I always suggest asking - 

Why the horse is for sale? (everyone these days says downsizing - so why is THIS horse on the cull list)

Would they themselves buy the horse?

Typically the look on their face when you ask if they would buy the horse is very telling. Some all but panic.


----------



## JenC (Apr 26, 2010)

Thanks everyone. Really good advice. I'm writing these things down. 

I know it's going to be a struggle for me to be firm & focused, especially since I have yet to meet a horse I didn't like, but the last thing I want to do is bring home a horse that needs more training and guidance than I can give him/her. That would unfair to both the horse and myself.


----------



## SorrelHorse (Apr 9, 2009)

- How are his feet?
- Does he mind traffic?
- How is he with cows?
- Has he ever had colic?
- How often do you shoe?
- What bit do you ride him in?
- Has he ever been shown?
- Do you have his show records?
- Is he registered?
- Who are his parents?
- Why are you selling?
- Has he ever been lame?
- How is he with feeding?
- Is he a dominant or submissive member of the herd?
- Does he get hot after eating grain?
- Do you have to lunge before riding?
- Do you use split or barrel reins?
- Does he cross water?
- Does he cross logs?
- Does he get excited when going bck to the barn?
- Is he pasture/buddy/barn sour?
- Has he ever foundered?
- Where are you housing him?

Just make sure that you take him through his paces and make sure they ride first, and ask to leave him in the pasture until you get there so you can see him caught and groomed and saddled and all that. Make more than one visit and one unannounced. Vet check of course, and make sure he isn't irritable about being touched anywhere. Pick up all his feet and look in his mouth.

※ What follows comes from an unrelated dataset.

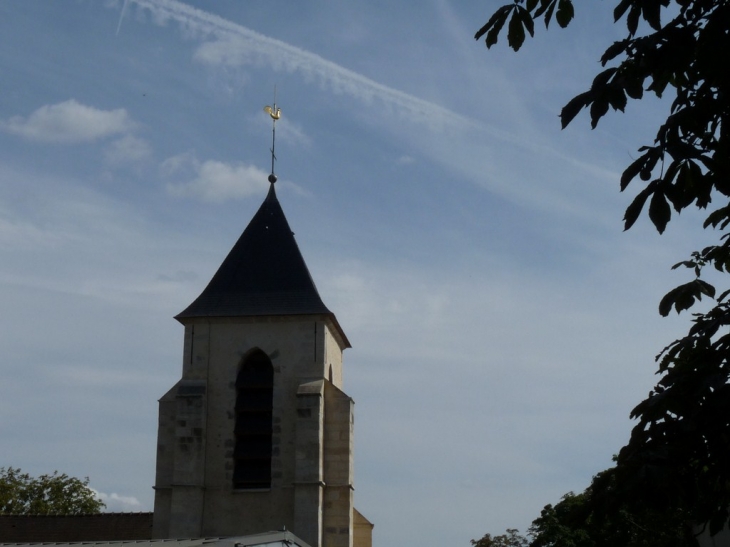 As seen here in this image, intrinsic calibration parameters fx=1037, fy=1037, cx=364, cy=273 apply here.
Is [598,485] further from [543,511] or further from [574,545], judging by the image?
[543,511]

This is generally all I do, and if I can I will take the horse on a trial basis.


----------



## equiniphile (Aug 16, 2009)

On a side note, depending on your experience and what you're looking for, you may WANT a horse with some hangups you can cure if he's selling for a cheaper price because of them. If you're looking at a horse and the owner is honest about a hangup he has, and you're positive you can cure it, give it a go. I don't reccomend this for novices if you're not experienced in handling a situation like it. For example, I'm buying a horse who was VERY well-trained at the walk and trot, but when the previous owner got her, she deleted all of her work on the canter by never cantering her. I'm confident I can solve her problems, though, because she's a great all-around horse other than trying to gallop when I ask for the canter.


----------



## JenC (Apr 26, 2010)

Thanks everyone! Your input has been really helpful!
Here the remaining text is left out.